I have a question.. My friend has a really nice Nigerian buck. He has a huge forehead, though. He seems to pass this on to his kids. Is this a good thing (that he has a large forehead, or not?) Is it just a personal preferance for breeders to breed for this, or not? I don't really mind that they have big foreheads, but was just curious about it.. Thanks. Here are a few photos of some of his kids (with those large foreheads.


----------



## Goat Lover 98 (Mar 25, 2012)

Plenty of room for nice big brains :laugh: Sorry, I really have no idea.


----------



## packhillboers (Feb 2, 2011)

I have a little bubble headed doeling. She is a smart little thing and we should have named her and her brother Pinky and the Brain because they are the smartest ones of the whole bunch but arent much for looks.


----------



## VincekFarm (Jun 27, 2011)

Does his doelings have big foreheads also or is it just the bucklings. What I've seen so far is that bucks always tend to have rather large foreheads, but thats just my experience. :2cents:


----------



## ETgoatygirl (Mar 23, 2012)

Thanks guys for the ideas. I guess I'll never know for sure... Also, both the boy and the girl kids out of this buck have rather wide foreheads. Well, I don't mind it one bit. And I guess it does leave room for bigger brains


----------



## Goober (Aug 21, 2009)

Are they by any chance polled?


----------



## ETgoatygirl (Mar 23, 2012)

Goober... No, the kids are not polled.


----------



## KW Farms (Jun 21, 2008)

The kids look pretty normal. 

You want a goat with an attractive head, nice shape, nice feature placement. If a goat has an obviously larger forehead then average, that would be something you don't really want to breed for...i'd have to see a picture of the buck to get an idea, but these kids don't really have the noticeably different heads. Their muzzles do look a bit small though.

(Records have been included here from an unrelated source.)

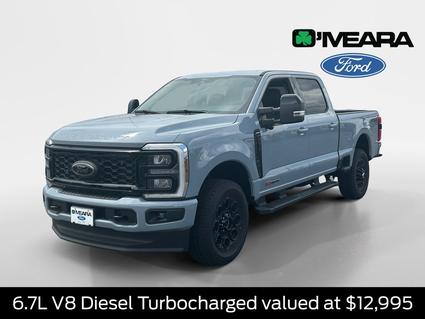2025 Ford F-350 Denver CO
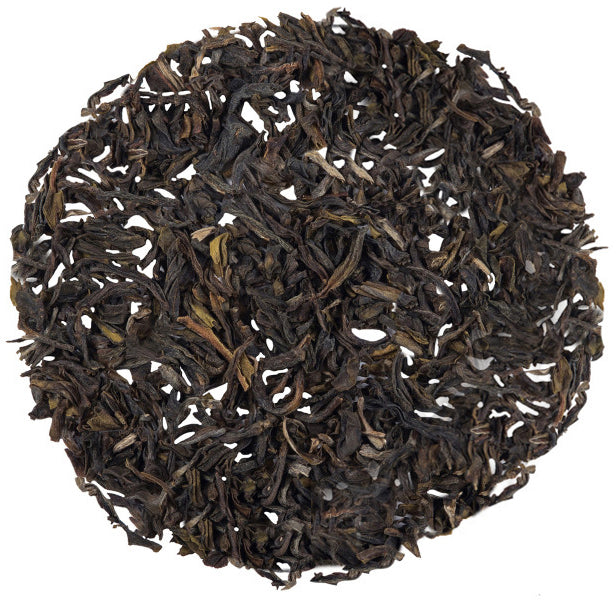 Glenburn Darjeeling Green Tea(2024 Harvest)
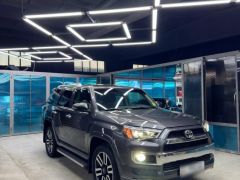 Photo of the vehicle Toyota 4Runner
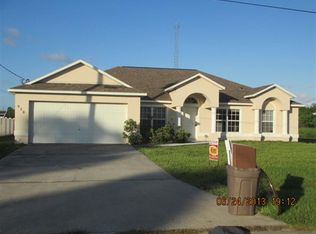 938 SW McCall Rd, Port Saint Lucie, FL 34953
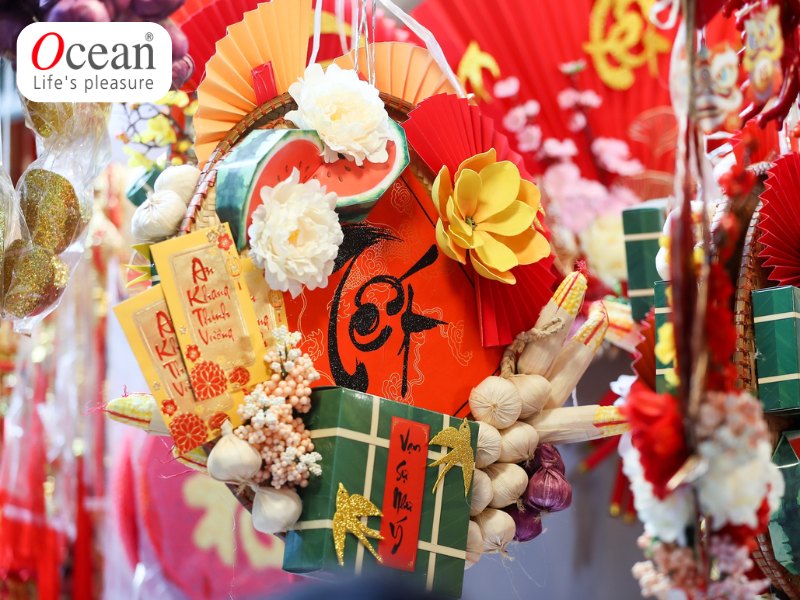 Thời Gian Tổ Chức Tết Nguyên Đán Thời Gian Tổ Chức Tết Nguyên Đán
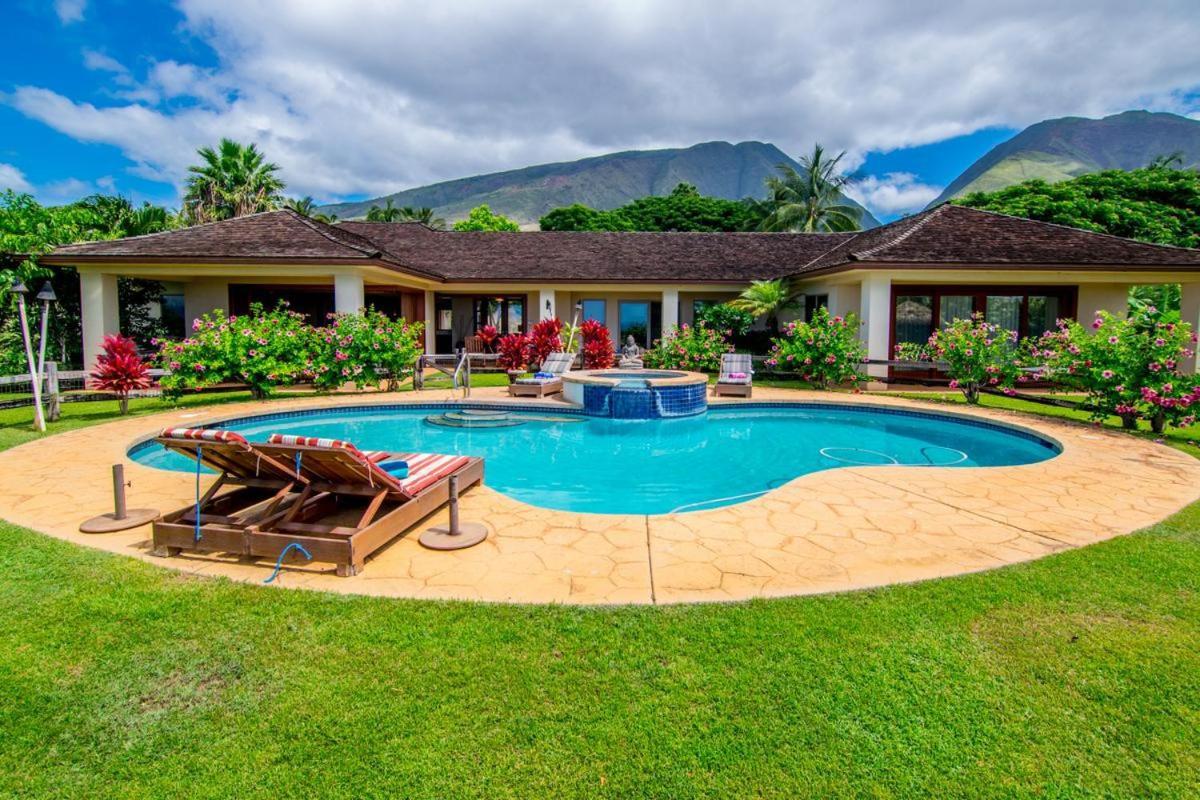Makena Aloha Estate *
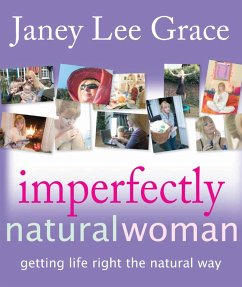 Cover Imperfectly Natural Woman (eBook, ePUB)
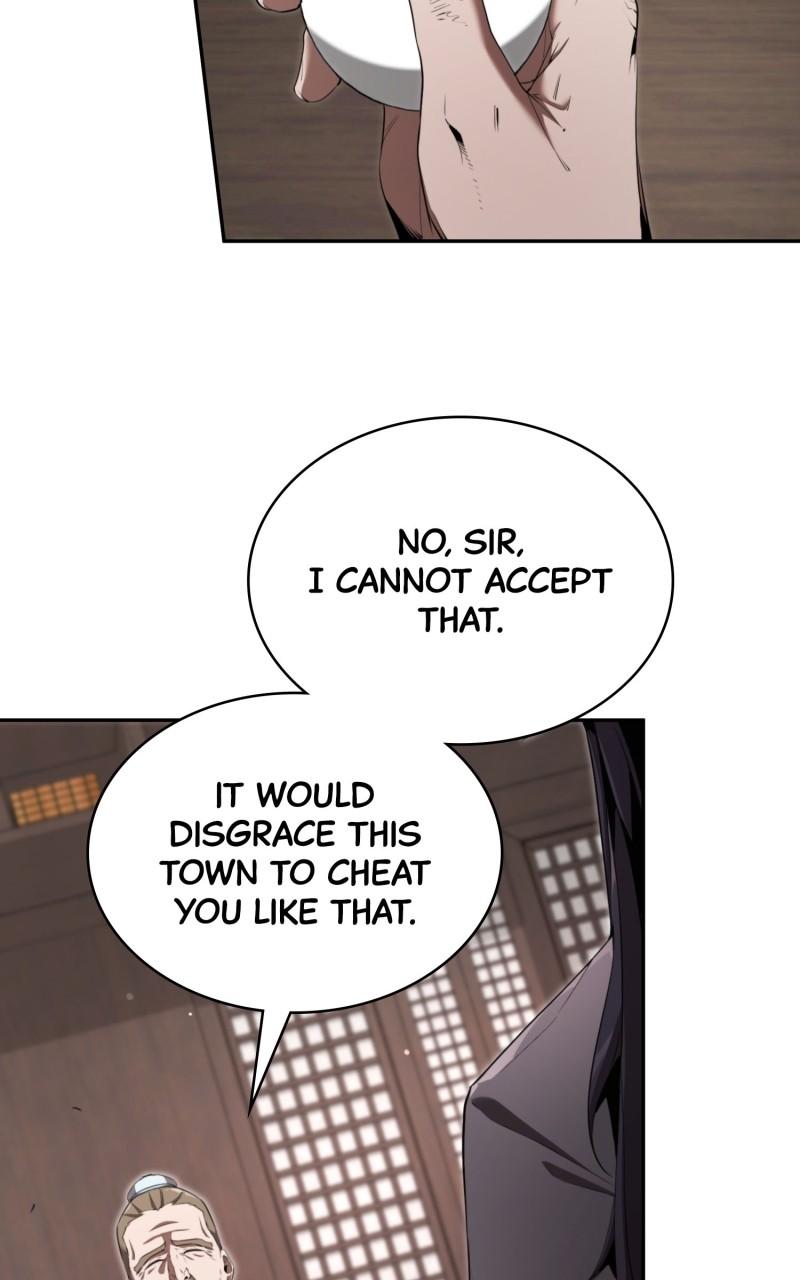 The Reluctant Demon Cult Leader Chap 30 - Next Chap 31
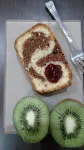 Les Chambres Hautes d'Anastasia - Frühstück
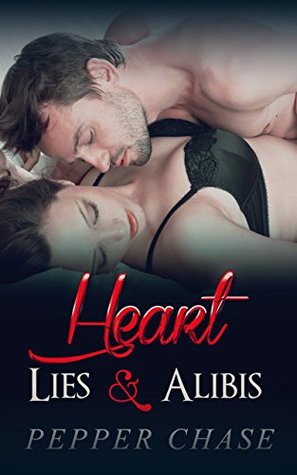 Heart Lies & Alibis (Kindle Edition)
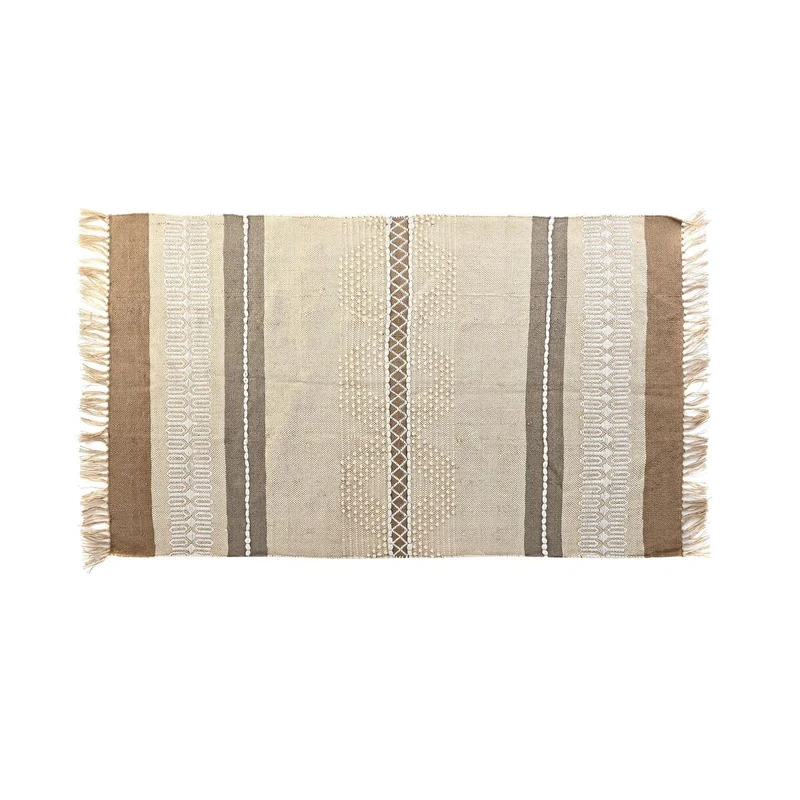 DKD Home Decor Rug Standard Carpet - Image 1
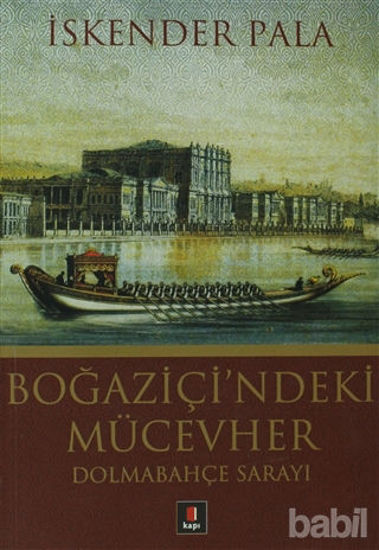 Picture of Boğaziçi’ndeki Mücevher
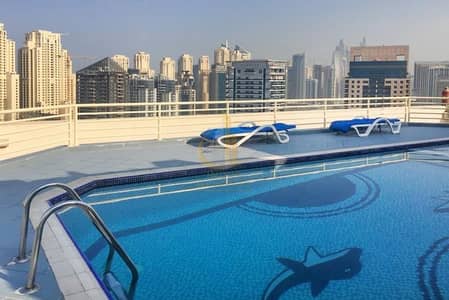شقة 2 غرفة نوم للايجار في دبي مارينا، دبي - Spacious 2 Bedroom | Ready-To-Move In |Unfurnished شقة 2 غرفة نوم للايجار في دبي مارينا، دبي - Spacious 2 Bedroom | Ready-To-Move In |Unfurnished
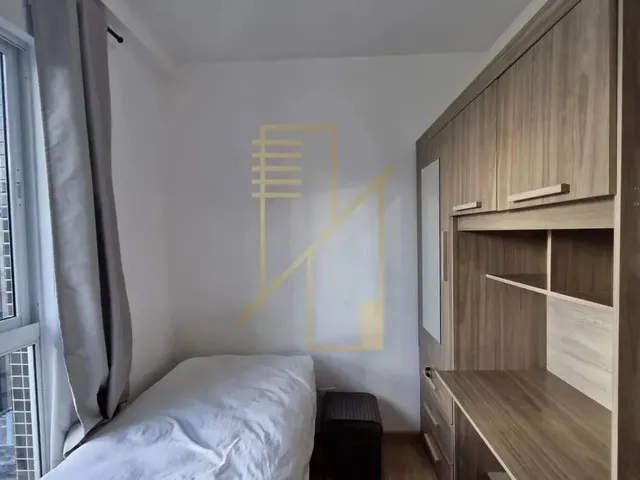 Imagem 3: Apartamento Mobiliado 2 Quartos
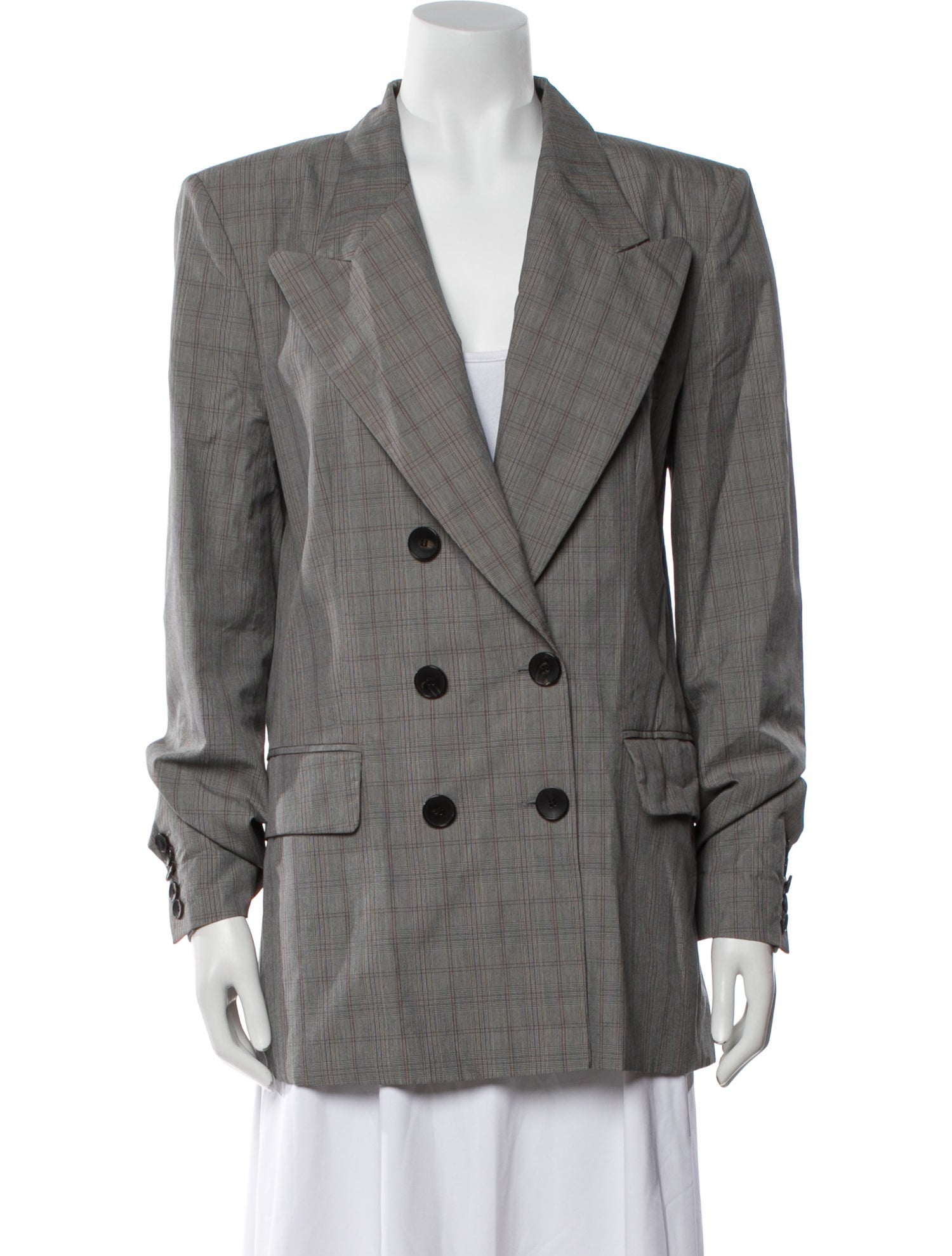 Étoile Isabel Marant Blazer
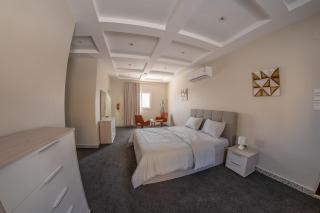 The view apartment -studio 1 - 1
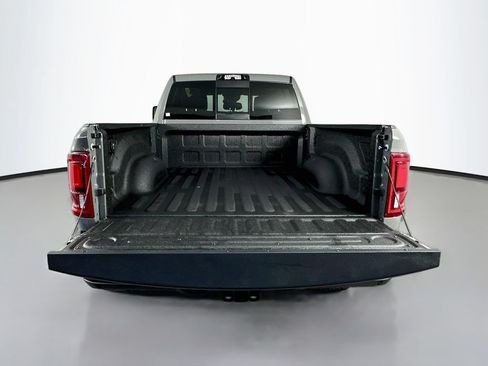 New 2027 RAM 2500 Rebel w/ Rebel Level 2 Equipment Group AWD/4WD image 15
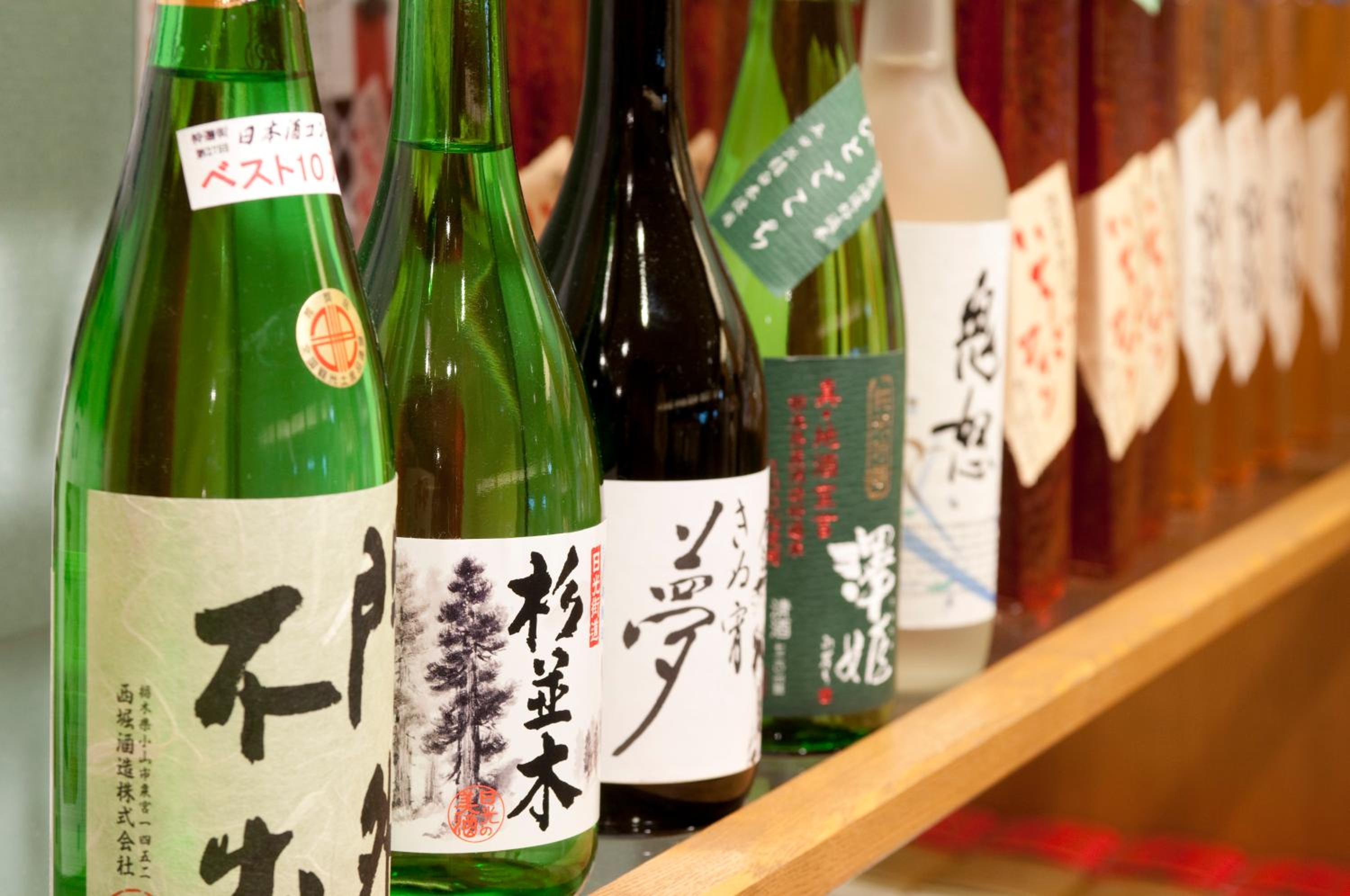 Kinugawa Onsen Hotel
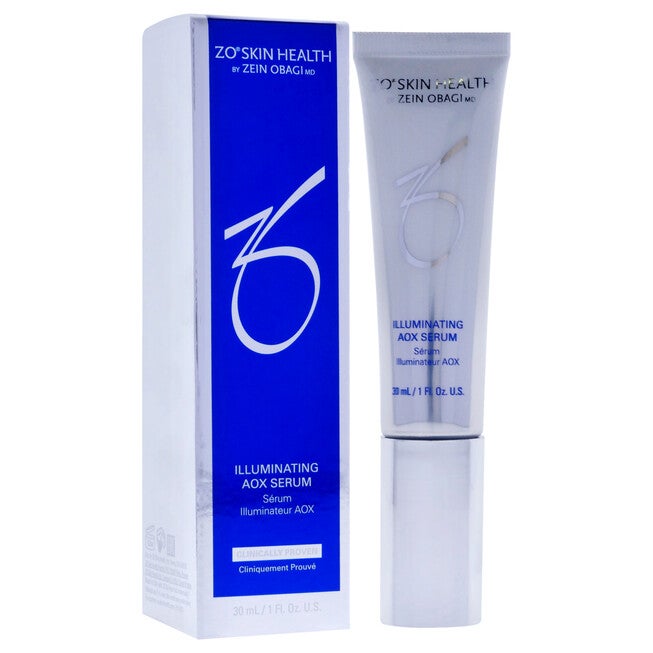 Illuminating Aox Serum by ZO Skin Health for Unisex - 1 oz Serum, , alternate image number 6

The muzzles on kids should be good width and size. Small muzzles should not bred for and are something to stay away from...newborn kids can have trouble getting those first breaths and in nigerians we want to make sure kids can be born on their own and not have to worry about taking in air.

I read a really good article on this...if I can find it i'll post...it may have been in Dairy Goat Journal? Not positive. But a breeder was in the article discussing what to look for in newborn kids. She would make it a point to look at the muzzles and face...looking for that width, size, and shape in the face.


----------



## ETgoatygirl (Mar 23, 2012)

*Thanks*

Thanks for the great info KW farms! I will definitely have to keep that in mind (about little mouths).. I will go out and compare forehead size of the normal kids to the one with the big head. Then I should be able to tell if she has a big forehead or a little mouth I'll ask my friend if I can post a picture of her buck. She probably won't mind a bit.


----------



## KW Farms (Jun 21, 2008)

You're welcome. Sounds good. :thumb:


----------